Work instruction: Exact reproductions of all the entries, please, and no pictures.

Data shown:
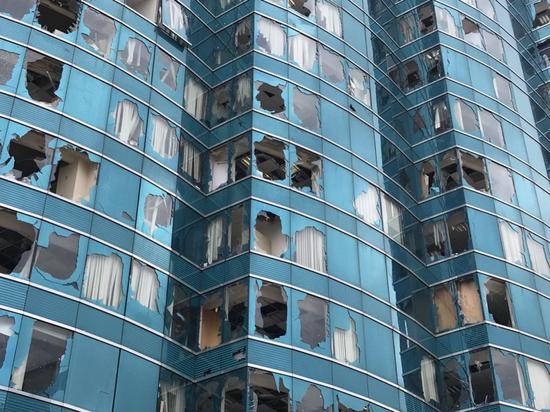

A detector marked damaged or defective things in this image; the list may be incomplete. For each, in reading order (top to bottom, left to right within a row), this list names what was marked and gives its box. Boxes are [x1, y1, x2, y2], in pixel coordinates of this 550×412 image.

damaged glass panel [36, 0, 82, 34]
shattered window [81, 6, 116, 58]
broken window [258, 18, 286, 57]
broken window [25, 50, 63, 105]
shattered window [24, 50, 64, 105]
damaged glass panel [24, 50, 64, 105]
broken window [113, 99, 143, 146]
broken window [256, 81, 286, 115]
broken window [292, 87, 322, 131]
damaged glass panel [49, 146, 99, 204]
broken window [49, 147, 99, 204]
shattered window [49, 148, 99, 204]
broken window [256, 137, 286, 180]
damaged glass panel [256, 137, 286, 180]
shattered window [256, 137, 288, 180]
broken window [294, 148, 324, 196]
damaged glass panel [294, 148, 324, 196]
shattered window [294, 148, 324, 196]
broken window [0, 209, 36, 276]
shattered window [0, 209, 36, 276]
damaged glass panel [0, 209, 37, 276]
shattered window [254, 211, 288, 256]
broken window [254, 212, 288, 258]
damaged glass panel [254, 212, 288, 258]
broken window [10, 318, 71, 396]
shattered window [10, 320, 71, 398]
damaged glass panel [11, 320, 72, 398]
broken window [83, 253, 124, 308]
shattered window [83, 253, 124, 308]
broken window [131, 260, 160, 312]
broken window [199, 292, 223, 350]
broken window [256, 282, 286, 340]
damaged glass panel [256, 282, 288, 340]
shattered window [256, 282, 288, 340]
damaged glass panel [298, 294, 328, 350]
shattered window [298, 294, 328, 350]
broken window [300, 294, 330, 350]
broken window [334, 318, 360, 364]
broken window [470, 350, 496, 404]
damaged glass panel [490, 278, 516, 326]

Answer for the task:
A detector marked damaged or defective things in this image; the list may be incomplete. For each, in reading order (top to bottom, left to right within a row), this list names what was marked and gives its box. Boxes are [x1, y1, x2, y2], in pixel coordinates of this 550×412 image.

damaged glass panel [36, 0, 82, 34]
shattered window [81, 6, 116, 58]
broken window [258, 18, 286, 57]
broken window [25, 50, 63, 105]
shattered window [24, 50, 64, 105]
damaged glass panel [24, 50, 64, 105]
broken window [113, 99, 143, 146]
broken window [256, 81, 286, 115]
broken window [292, 87, 322, 131]
damaged glass panel [49, 146, 99, 204]
broken window [49, 147, 99, 204]
shattered window [49, 148, 99, 204]
broken window [256, 137, 286, 180]
damaged glass panel [256, 137, 286, 180]
shattered window [256, 137, 288, 180]
broken window [294, 148, 324, 196]
damaged glass panel [294, 148, 324, 196]
shattered window [294, 148, 324, 196]
broken window [0, 209, 36, 276]
shattered window [0, 209, 36, 276]
damaged glass panel [0, 209, 37, 276]
shattered window [254, 211, 288, 256]
broken window [254, 212, 288, 258]
damaged glass panel [254, 212, 288, 258]
broken window [10, 318, 71, 396]
shattered window [10, 320, 71, 398]
damaged glass panel [11, 320, 72, 398]
broken window [83, 253, 124, 308]
shattered window [83, 253, 124, 308]
broken window [131, 260, 160, 312]
broken window [199, 292, 223, 350]
broken window [256, 282, 286, 340]
damaged glass panel [256, 282, 288, 340]
shattered window [256, 282, 288, 340]
damaged glass panel [298, 294, 328, 350]
shattered window [298, 294, 328, 350]
broken window [300, 294, 330, 350]
broken window [334, 318, 360, 364]
broken window [470, 350, 496, 404]
damaged glass panel [490, 278, 516, 326]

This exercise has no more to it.